As well as being a Special Constable, Robinson was also a member of the loyalist paramilitary group, the Ulster Protestant Association. The group's aim, according to a police report of 1923, was "simply the extermination of Catholics by any and every means". The police thought Robinson, who led a UPA group on Andrews street, was, "a dangerous gunman and leader of a murderous gang". In the press he was known as the "Docklands gunman and bomber"

With the end of the Anglo-Irish war and partition in 1922, Robinson left the USC. After being implicated in several shootings and bombings he was interned in October 1922. Several documents on his detention exist, including a letter from the RUC Commissioner recommending his internment:
"The respectable and law-abiding Protestants and Unionists residing in the area want to have these men taken from the locality at any cost, as they truly state there can be no peace so long as they are at large."

Another police report states:"No matter what part of the City there is fighting in, he goes there to give a hand.
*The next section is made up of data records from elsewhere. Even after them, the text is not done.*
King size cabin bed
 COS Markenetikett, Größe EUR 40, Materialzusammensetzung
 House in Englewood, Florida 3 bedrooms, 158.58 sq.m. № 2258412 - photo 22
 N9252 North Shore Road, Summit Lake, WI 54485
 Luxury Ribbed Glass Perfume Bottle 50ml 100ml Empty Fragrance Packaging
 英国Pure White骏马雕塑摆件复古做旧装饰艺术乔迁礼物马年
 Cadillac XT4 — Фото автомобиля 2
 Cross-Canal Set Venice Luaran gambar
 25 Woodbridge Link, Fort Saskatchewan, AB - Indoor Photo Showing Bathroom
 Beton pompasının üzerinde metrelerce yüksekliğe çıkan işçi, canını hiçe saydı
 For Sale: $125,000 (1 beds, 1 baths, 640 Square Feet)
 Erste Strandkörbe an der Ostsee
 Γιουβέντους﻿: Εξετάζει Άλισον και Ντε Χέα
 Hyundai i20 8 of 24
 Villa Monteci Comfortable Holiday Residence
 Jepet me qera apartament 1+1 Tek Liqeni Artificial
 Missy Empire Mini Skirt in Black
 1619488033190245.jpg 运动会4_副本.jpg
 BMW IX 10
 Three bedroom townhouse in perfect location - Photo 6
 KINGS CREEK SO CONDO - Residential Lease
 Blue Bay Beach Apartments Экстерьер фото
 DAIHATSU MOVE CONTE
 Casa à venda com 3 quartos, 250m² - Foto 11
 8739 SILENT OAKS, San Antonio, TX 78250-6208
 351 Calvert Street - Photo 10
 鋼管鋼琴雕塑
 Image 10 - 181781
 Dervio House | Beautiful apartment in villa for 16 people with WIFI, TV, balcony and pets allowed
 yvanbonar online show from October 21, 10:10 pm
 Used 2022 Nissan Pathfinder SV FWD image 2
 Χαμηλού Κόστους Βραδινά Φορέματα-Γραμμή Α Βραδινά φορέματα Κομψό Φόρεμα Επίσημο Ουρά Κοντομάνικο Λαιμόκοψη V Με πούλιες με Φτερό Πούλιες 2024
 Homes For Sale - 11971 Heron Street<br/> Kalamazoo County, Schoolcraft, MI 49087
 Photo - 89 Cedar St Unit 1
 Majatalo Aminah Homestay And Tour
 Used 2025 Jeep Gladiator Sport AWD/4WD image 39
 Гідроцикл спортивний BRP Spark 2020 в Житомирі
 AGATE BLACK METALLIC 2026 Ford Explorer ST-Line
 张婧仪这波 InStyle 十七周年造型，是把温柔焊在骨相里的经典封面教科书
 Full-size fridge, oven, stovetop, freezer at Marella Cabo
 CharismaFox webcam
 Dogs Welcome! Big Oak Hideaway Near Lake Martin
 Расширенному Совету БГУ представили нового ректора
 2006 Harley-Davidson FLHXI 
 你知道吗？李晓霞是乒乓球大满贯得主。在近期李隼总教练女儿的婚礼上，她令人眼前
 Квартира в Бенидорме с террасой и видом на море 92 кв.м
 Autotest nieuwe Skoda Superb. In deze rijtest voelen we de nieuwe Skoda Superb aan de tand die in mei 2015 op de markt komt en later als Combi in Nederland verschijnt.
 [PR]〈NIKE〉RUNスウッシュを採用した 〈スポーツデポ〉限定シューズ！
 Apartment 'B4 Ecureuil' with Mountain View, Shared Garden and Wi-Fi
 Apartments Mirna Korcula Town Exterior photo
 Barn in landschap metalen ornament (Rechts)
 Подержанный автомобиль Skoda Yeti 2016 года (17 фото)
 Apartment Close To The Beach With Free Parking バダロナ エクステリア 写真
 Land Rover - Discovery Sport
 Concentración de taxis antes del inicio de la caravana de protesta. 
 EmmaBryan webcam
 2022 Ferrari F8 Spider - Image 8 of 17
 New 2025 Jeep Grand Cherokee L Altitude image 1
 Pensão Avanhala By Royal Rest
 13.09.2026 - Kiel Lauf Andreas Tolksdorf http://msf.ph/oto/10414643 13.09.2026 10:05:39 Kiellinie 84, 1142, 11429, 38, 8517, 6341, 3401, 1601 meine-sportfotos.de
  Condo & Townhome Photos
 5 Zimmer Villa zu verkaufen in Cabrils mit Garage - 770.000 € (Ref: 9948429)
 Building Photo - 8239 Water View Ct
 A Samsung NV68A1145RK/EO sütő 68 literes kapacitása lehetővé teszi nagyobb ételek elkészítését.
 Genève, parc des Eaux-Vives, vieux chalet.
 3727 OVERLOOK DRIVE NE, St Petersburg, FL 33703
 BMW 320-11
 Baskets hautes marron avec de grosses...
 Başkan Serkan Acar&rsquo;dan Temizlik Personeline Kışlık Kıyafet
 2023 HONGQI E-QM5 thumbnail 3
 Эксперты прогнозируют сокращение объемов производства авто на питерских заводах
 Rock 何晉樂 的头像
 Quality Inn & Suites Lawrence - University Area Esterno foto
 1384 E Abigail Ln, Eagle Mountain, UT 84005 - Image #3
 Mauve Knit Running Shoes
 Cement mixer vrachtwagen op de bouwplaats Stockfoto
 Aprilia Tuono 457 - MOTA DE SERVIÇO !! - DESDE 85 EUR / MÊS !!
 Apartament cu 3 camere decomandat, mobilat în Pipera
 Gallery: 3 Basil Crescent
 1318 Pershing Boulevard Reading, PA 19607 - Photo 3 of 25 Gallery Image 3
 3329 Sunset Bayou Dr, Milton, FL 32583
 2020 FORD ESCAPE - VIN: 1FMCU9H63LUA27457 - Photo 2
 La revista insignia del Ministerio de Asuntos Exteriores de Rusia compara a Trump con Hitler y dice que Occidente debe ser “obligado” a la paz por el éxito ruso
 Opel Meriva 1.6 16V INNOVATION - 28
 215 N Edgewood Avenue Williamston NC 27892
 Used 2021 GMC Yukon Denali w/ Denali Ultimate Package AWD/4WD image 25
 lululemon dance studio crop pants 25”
He does not know what fear is, and would go any place to shoot and kill with either rifle, revolver or bomb."

The documents also contain other incidents Robinson was implicated in, including several shootings and a bombing. Robinson was released in 1923 and agreed to relocate to Bolton. He soon returned and was reinterned, and released again in late 1923. His second release may have been secured through the promise that he would move to Chicago where he had relatives. In an interview with the north Belfast playwright Martin Lynch in the 1980s, Robinson claimed he worked for Al Capone and Joseph Kennedy. He was later deported from the United States.

==Criminal convictions==
Robinson was back in Belfast by the late 1920s. Writer Sam McAughtry recalled a banner reading "Welcome Home Buck Alec" being raised above York Street in the city. His criminal convictions continued through to World War II. Around this time he acquired three lions. Sources vary as to how these were acquired, one that they came from a visiting circus which Robinson allowed to use waste ground he owned at the rear of his house on Back Ship Street. Journalist Seth Linder writes that the lions were acquired from Dublin and Belfast Zoo, with Alec displaying them at a travelling circus throughout Ireland. He kept the toothless lions at his home. Belfast folklore tells of him walking them on the streets of Sailortown. He continued to be known as a streetfighter into his fifties. Local newspapers regularly covered his fights in Belfast, the last known being in 1959. In court Robinson claimed he had knocked a man unconscious as he disagreed with the language he was using.

==Death and tributes==
Buck Alec continued to live in north Belfast until his death in 1995. Gusty Spence and Ian Paisley attended his funeral, the latter carrying the coffin and describing Robinson as "a rare character, a typical Ulsterman, an interesting facet of Ulster's history". A report in the Irish News focused on his paramilitary past. Other reports stated that "his heart was in the right place" and that Catholics attended his funeral alongside Protestants.

In his book Formations of Violence, Allen Feldman argues that Robinson was seen as a "hard man" who believed in a fair fight, rather than a common thug.